Wydarzeniem ratującym sympozjum było przemówienie jednego człowieka o imieniu Ames, który jak zostałem poinformowany, był odnoszącym sukcesy radcą podatkowym i przewodniczącym grupy Speak Easy w Nowym Jorku. Ames wszedł na podium z przygotowaną mową składającą się z wielu stron. Zaczął odczytywanie, jąkając się na dosłownie każdym słowie, od czasu do czasu blokując się totalnie na wiele sekund. Odczułem radość pomieszaną z winą, że oto jest w końcu ktoś, kto mówi gorzej ode mnie. Jednak moja wesołość przerodziła się w zniecierpliwienie, kiedy zdałem sobie sprawę, że zamierza przeczytać każde słowo swojego przemówienia. Gdybym był nim, pomyślałem (na szczęście to nie byłem ja), pominąłbym całą środkową sekcję – wrzuciłbym kilka uwag wprowadzających i przeszedłbym od razu do zakończenia. „Panie i panowie,” powiedziałbym, „chciałbym zakończyć, dziękując wszystkim za wysłuchanie mnie”.
Jednak Ames nie zrezygnował. Ludzie na sali siedzieli ze wklejonym wzrokiem, nie wiercąc się, łapiąc każde wypowiadane przez niego słowo. Kiedy skończył, wszyscy bili brawo i ruszyli w jego kierunku, aby mu pogratulować. Oniemiałem. Cynik we mnie myślał, „oczywiście, że bijemy brawo: nareszcie skończył!” Jednak wiedziałem, że to był cios poniżej pasa. Czułem się jak ten nieświadomy pan Jones w starej piosence Boba Dylana. Tam miało miejsce coś ważnego, ale ja nie wiedziałem co. Dopiero gdy już dotarłem do domu i zacząłem o tym myśleć, zrozumiałem, że zamiast być obsesyjnie zaniepokojonym swoją płynnością (lub jej brakiem), jak ja byłem, inni po prostu zareagowali na jego odwagę. Ich komplementy nie były wyrazem pustej sentymentalności, ale głębokiego podziwu. Jeśli on był w stanie zdobyć się na odwagę i publicznie przemawiać, to także oni – i ja też.
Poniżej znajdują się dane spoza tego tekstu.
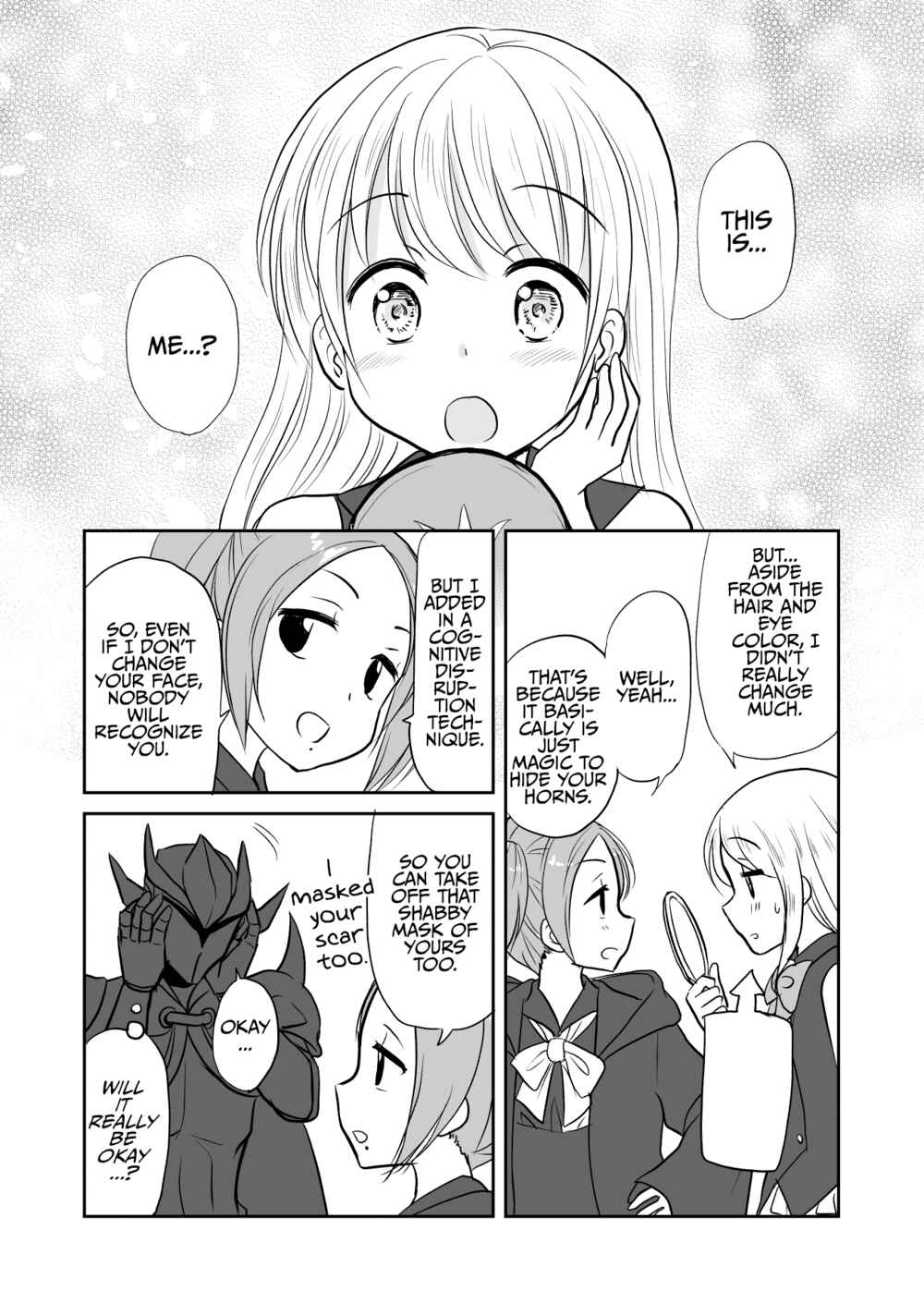 Page 3 Chapter 13 My Demon Lord Is Such an Angel It Hurts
Właśnie to wspomnienie przemowy Amesa zainspirowało mnie do wybrania się na drugie sympozjum. Tym razem nie byłem tym obcym. Ludzie z wcześniejszego roku pamiętali mnie i wydawali się szczerze uradowani, że wróciłem. Wciągnęli mnie w pogawędki. Zacząłem przestawać oceniać swoją mowę. Inni uczestnicy zaczęli pokazywać swoje prawdziwe osobowości. Byłem zdumiony zróżnicowanie w grupie, ale żaden z nich nie pasował do bezsilnego, żałosnego obrazu jąkały, który nadal był zakorzeniony w mojej świadomości. Zacząłem cieszyć się obecnością tam i byłem na prawie każdym sympozjum od tego momentu.
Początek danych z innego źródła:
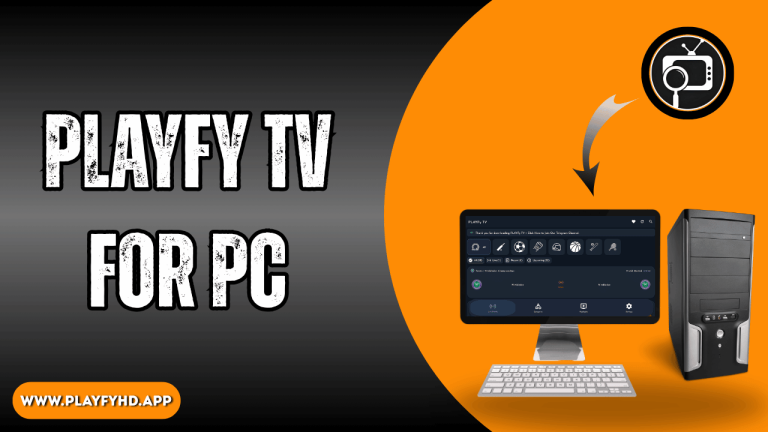 PLAYFy TV for PC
Po moim drugim sympozjum Bob Gathman, prezes Speak Easy, zapytał mnie, czy chcę wziąć udział w panelu dyskusyjnym w następnym roku. Nie mogłem powiedzieć „nie”. Byłem dumny, że otrzymałem taką propozycję, ale również przerażony na samą myśl. Teraz już nawet nie pamiętam, jaki był temat, ale byłem bardzo zdenerwowany przedstawianiem swojej prezentacji i bardzo się jąkałem. Po zakończeniu otrzymałem wiele komplementów. Mój cynizm „…ale przecież się jąkałem” zaczął ustępować bardziej łaskawej postawie, „przynajmniej to zrobiłem”. Te dwie strony mnie nadal walczą ze sobą, ale łaskawość wygrywa.
Od tego momentu brałem udział w panelu podczas niemal każdego kolejnego sympozjum. Moje zdenerwowanie powoli ustępowało wyczekiwaniu. Już nie jestem niespokojny na tygodnie przed wydarzeniem i moje dłonie już się nie pocą, gdy jestem zapowiadany. Jeśli już, to stres, jaki odczuwam, jest bardziej rezultatem podekscytowania, niż wyrazem obawy. Każdego roku jestem mniej bojaźliwy w stosunku do jąkania i odczuwam większą kontrolę nad moimi emocjami. Co więcej, nauczyłem się doceniać gratulacje jako zdobyte zasługi. Powiedziano mi – i wierzę w to – że mój przykład zainspirował innych do bycia bardziej otwartymi na swoje jąkanie i mówienia więcej w miejscach publicznych. Stałem się wzorem do naśladowania, tak samo, jak Ames Bleda był moim wzorem. To właśnie jest moc wzajemnej pomocy, idei leżącej u podstaw samopomocy.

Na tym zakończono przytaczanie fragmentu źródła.